(WHAT YOU WILL DO) Everything from the line holding "Särkset mees, kes" through the last line of the records should be repeated word for word, and pictures should be omitted.

(INFORMATION)
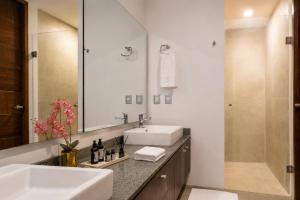 a bathroom with two sinks and a shower at DreamHaus Suites - Country Club Guadalajara in Guadalajara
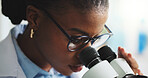 Black woman, scientist and microscope in laboratory for research, cure development and analysis. Microbiology, science equipment and medical experiment for study, biotechnology innovation and test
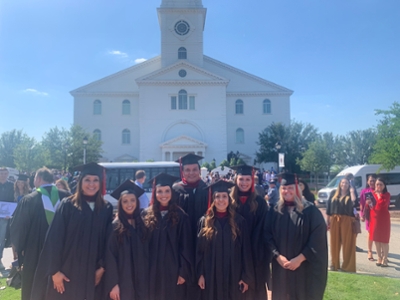 MAGL 2021 spring graduates in front of DBU Chapel
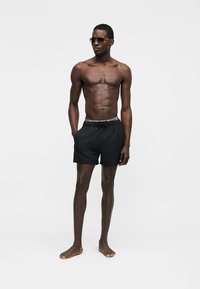 Särkset mees, kes kannab musti ujumispükse ja päikeseprille, seisab paljajalu, ühe käega püksitaskus, lakoonilise tausta ees.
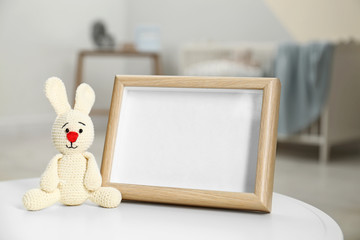 Photo frame and toy bunny on table in baby room interior. Space for text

(WRITTEN REPLY)
 Särkset mees, kes kannab musti ujumispükse ja päikeseprille, seisab paljajalu, ühe käega püksitaskus, lakoonilise tausta ees.
 Photo frame and toy bunny on table in baby room interior. Space for text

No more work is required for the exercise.